I don’t often tell this story because it just complicates things, but I actually went to Cuba for the very first time in 1979, and I was also very young and a student, and there was an opportunity to go. It was a moment when relations between the U.S. and Cuba opened up very briefly under Jimmy Carter. And there were these one-week trips that you could take to Cuba, and I went with a group of students and professors to Havana. That trip was like a hallucination. I was so young and I didn’t know what to expect or even what to look for. It was a really weird time I would say, and things were very controlled in Cuba at that time. You couldn’t leave Havana without permission. You couldn’t go to another city or another town without permission from the government. Things were very, very controlled, and they took us around to very specific places, but I would escape and wander around Havana by myself.
I also saw the woman who had been my nanny when I was a child. My mother had corresponded with her, they had continued to write letters to each other, so she had an address from one of the letters and I just went and found her and, and I wasn’t supposed to do that because I was supposed to stay with the group. But I was a little rebellious. After that, I didn’t go back to Cuba again until 1991. And then that was really the point where I decided that I wanted to create a relationship with Cuba, that despite all the complications of going there and my family not being very happy that I wanted to go there, I decided I had to form a relationship with the place where I was born and understand it and be part of it. And so since ‘91 I’ve been going on a regular basis to Cuba.
How would you describe the Jewish community in Cuba?
It’s a very interesting Jewish community because you have a mix of people in the community. Several people are Jewish on one side of the family. Only a handful are Jewish on both sides of the family. So the community has brought in a lot of people who’ve married into the community and have chosen to convert, so it’s much more racially diverse.
It’s a very small community now, with about a thousand people. There were about 15,000 before the revolution, before 1959. So it’s very small, but relative to their size, it’s very vibrant. There are a few people who participated in the revolution. There are other people who just stayed in Cuba because they didn’t want to immigrate anywhere. They felt that they were Cuban and they didn’t want to go anywhere else. The biggest part of the community is in Havana, but there are also small pockets of Jewish communities all over the Island. And for me, it’s been really exciting to be able to travel and sometimes meet the only Jewish person that lives in a small town.
Letters from Cuba is inspired by your grandmother’s immigration story. Tell us a little bit about the book.
My maternal grandmother, Esther, had a pretty amazing story that I always heard growing up that she was the first of seven children to migrate to Cuba.
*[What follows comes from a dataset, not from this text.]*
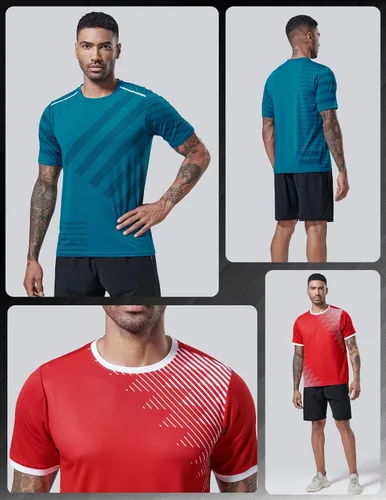 Miniatura 4 de Paquete de 5 camisetas de manga corta, con cuello redondo y de secado rápido para hombre, camisetas deportivas para correr, entrenar o ir al gimnasio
The father, my great grandfather, was already in Cuba. He was struggling to make enough money to bring the whole family over from Poland. And so finally, after working for a few years, he writes and he says he has enough money to bring one of the children, but he wants to bring the oldest son and my grandmother gets very upset by that and says, well, I’m the eldest of all the children and I should be the one to go first, and that even though I’m a girl, I’m going to help you bring everybody. I always thought that was an amazing story.
I started writing it down because I was very concerned about the immigrant crisis in the U.S., and I felt that immigrants were being criminalized, and I was very concerned about the children being separated from their parents and put in cages. I was following that news and I thought to myself, well, my family went through something similar. My family was separated. My great grandfather went first, my grandmother next, and she was separated from her siblings and her mother for quite some time. Even though it’s a story from close to a hundred years ago, it still felt very timely. It seemed like this was the right moment to tell it.